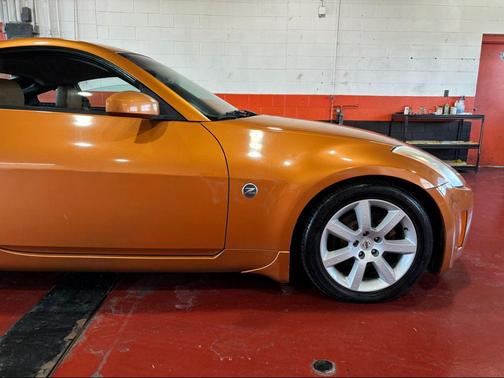 2004 Nissan 350Z Touring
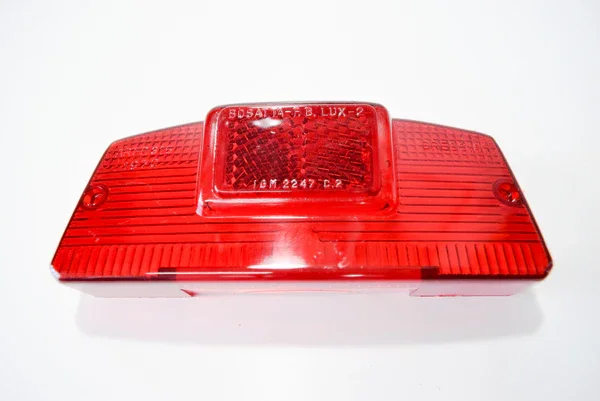 Spedizione Espresso RP315 - VETRO FANALE POSTERIORE LAMBRETTA DL 125-150-200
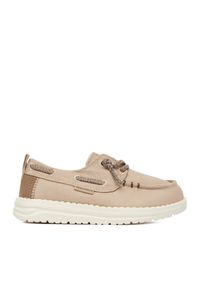 Półbuty Nautica. Kolor: beżowy #1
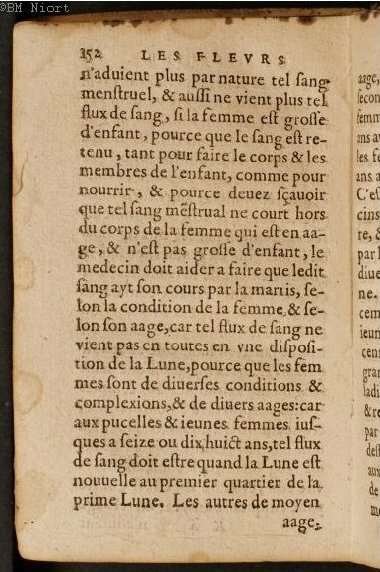 1586 - Benoît Rigaud - Trésor des fleurs et secrets de médecine - Université Paris Cité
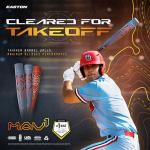 Easton | 2025 | MAV1 Baseball Bat | BBCOR | 2 5/8' Barrel | 32' | -3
★ ★ ★ ★ ★
Goal of the exercise: Skip the pictures and write out exactly the lines from the line containing "Półbuty Nautica. Kolor: beżowy #1" through the end of the listing above.

Answer to the problem:
 Półbuty Nautica. Kolor: beżowy #1
 1586 - Benoît Rigaud - Trésor des fleurs et secrets de médecine - Université Paris Cité
 Easton | 2025 | MAV1 Baseball Bat | BBCOR | 2 5/8' Barrel | 32' | -3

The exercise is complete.